■ **Work order**: Using the data that follows, output only the lines from the line with "Beaded Circular Mirror" up to and including the line with "Toddler Kids Baby", exactly, leaving pictures aside.

==== Raw data

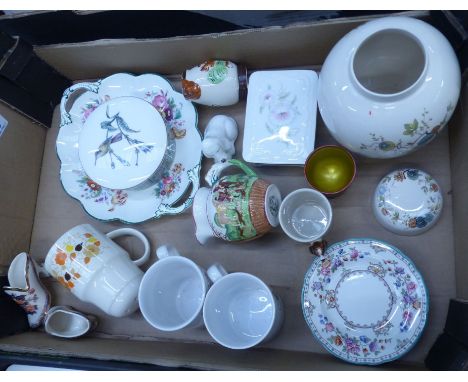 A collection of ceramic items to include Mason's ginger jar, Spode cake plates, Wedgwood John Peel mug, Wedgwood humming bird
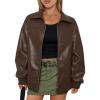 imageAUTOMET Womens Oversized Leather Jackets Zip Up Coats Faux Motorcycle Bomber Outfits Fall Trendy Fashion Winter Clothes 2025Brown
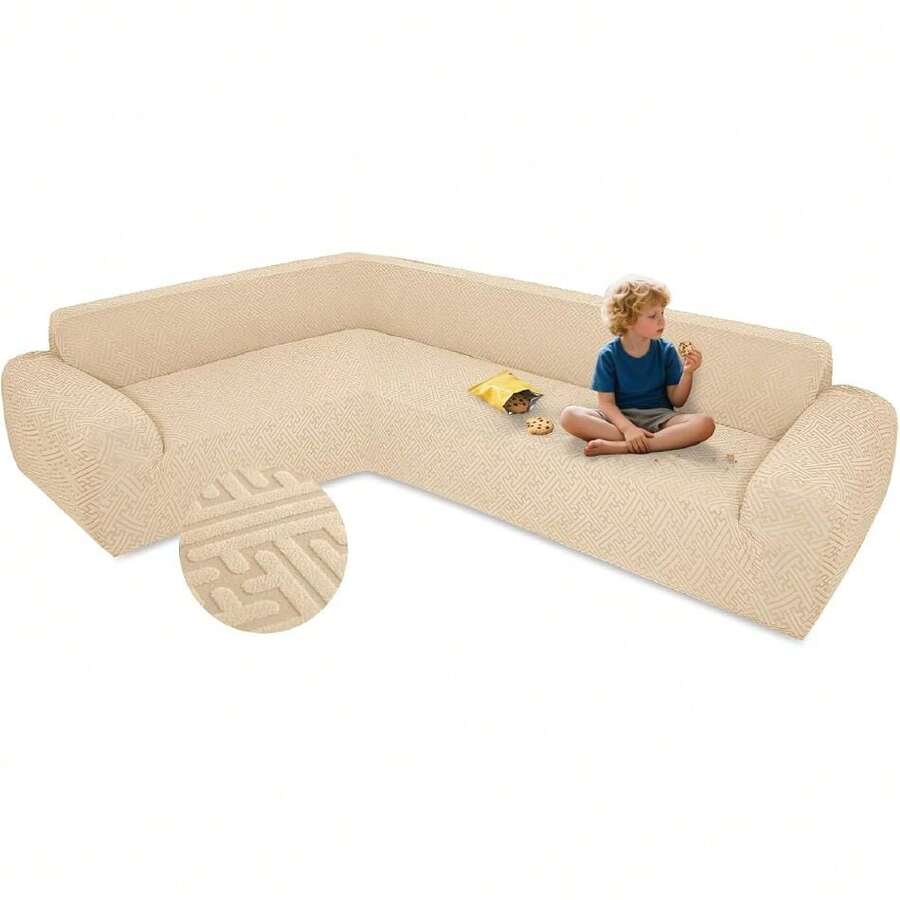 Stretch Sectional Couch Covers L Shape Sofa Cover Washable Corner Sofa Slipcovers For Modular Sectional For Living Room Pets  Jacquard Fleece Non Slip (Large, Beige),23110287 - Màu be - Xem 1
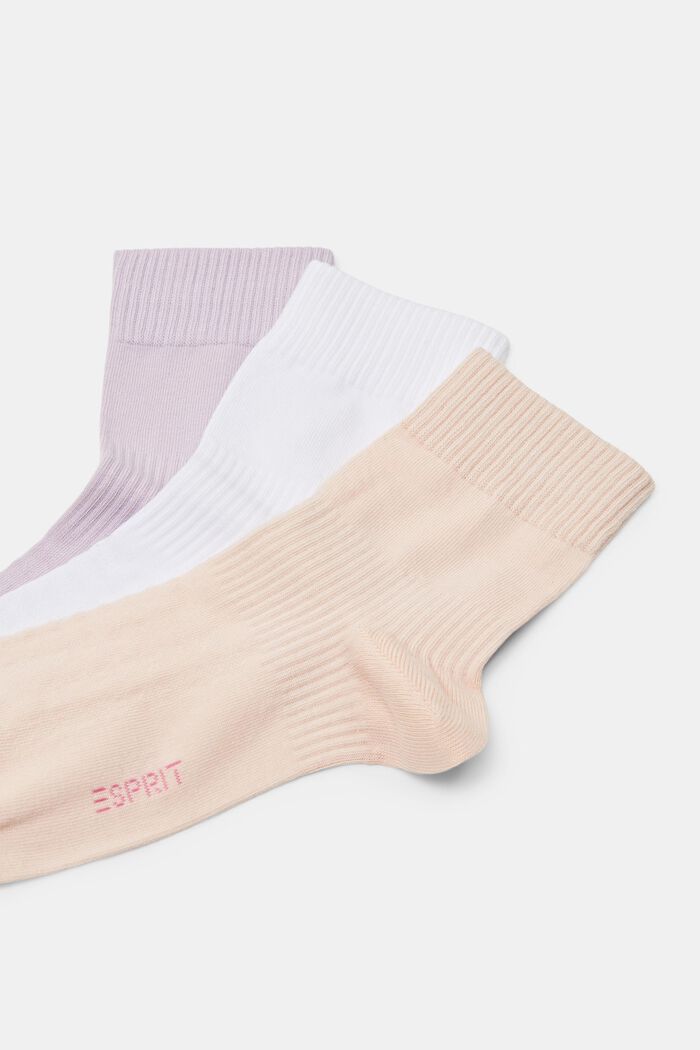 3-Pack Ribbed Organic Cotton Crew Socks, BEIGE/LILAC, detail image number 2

========
==== Raw data

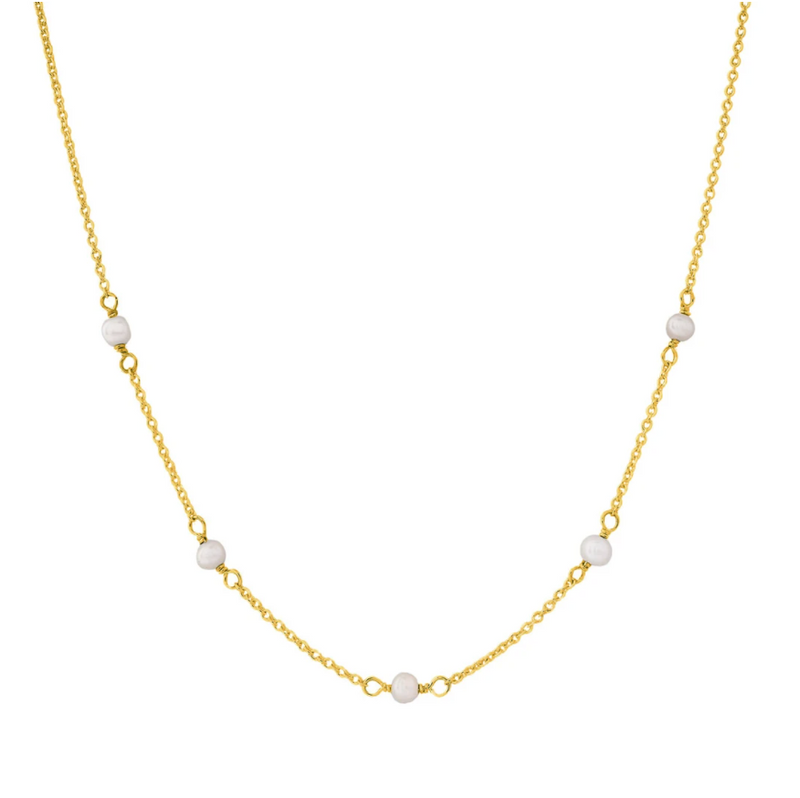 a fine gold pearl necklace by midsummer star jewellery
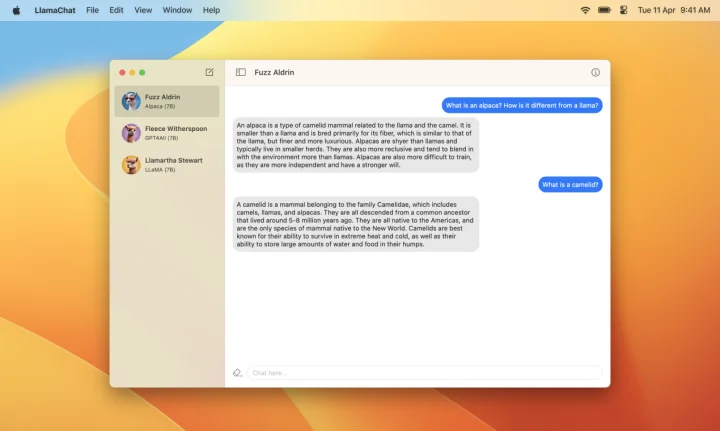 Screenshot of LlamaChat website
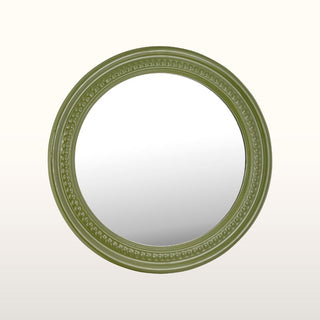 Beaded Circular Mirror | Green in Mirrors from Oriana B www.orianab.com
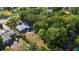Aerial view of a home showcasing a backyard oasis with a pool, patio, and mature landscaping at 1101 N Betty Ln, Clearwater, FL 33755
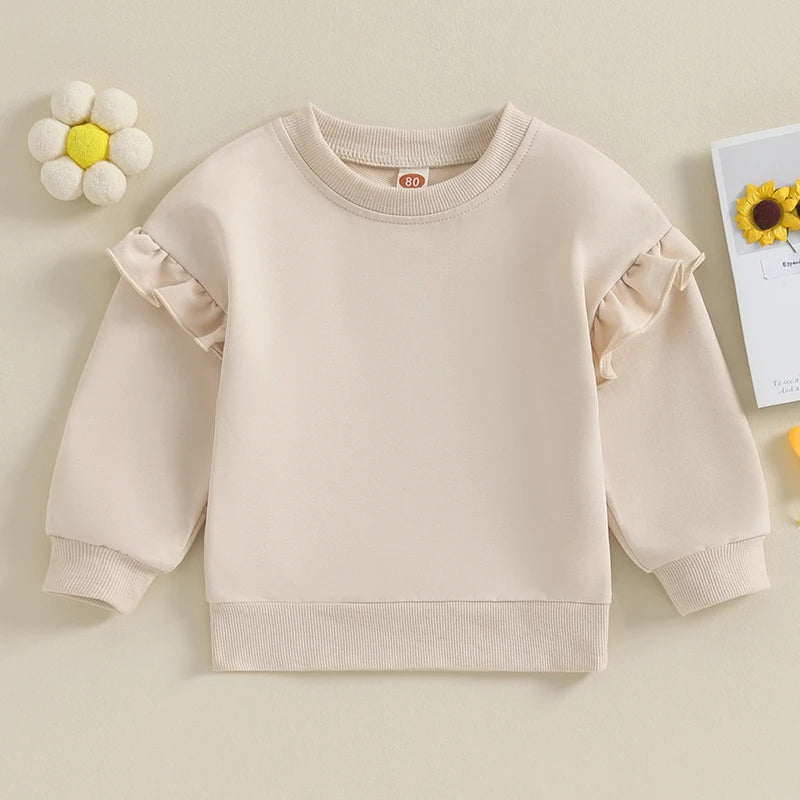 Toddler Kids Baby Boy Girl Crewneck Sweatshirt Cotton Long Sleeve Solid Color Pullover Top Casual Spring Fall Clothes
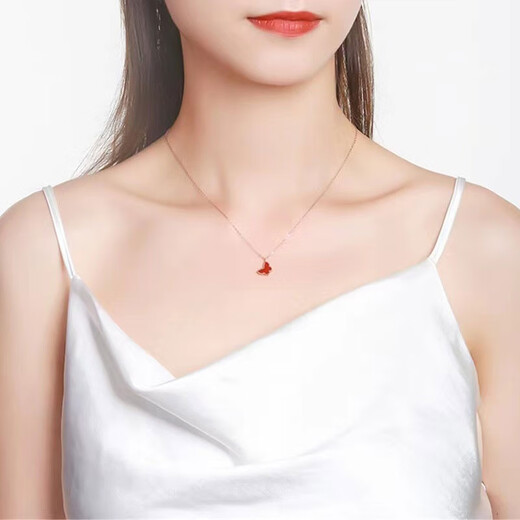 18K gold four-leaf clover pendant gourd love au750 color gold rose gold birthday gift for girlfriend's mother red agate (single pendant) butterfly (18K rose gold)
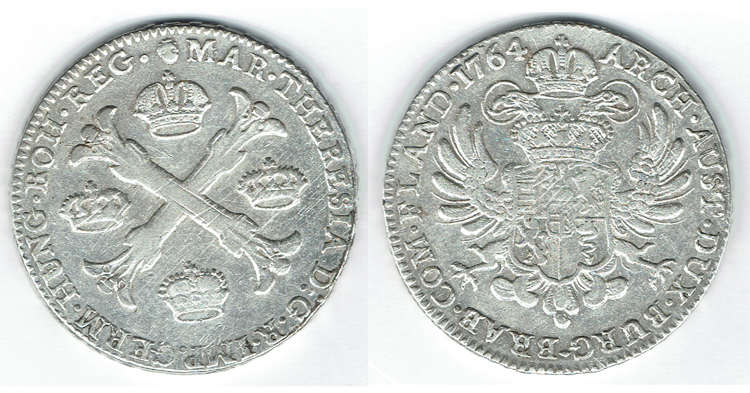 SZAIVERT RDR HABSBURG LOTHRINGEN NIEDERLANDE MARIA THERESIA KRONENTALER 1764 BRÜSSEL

========

■ **Task solution**:
 Beaded Circular Mirror | Green in Mirrors from Oriana B www.orianab.com
Aerial view of a home showcasing a backyard oasis with a pool, patio, and mature landscaping at 1101 N Betty Ln, Clearwater, FL 33755
 Toddler Kids Baby Boy Girl Crewneck Sweatshirt Cotton Long Sleeve Solid Color Pullover Top Casual Spring Fall Clothes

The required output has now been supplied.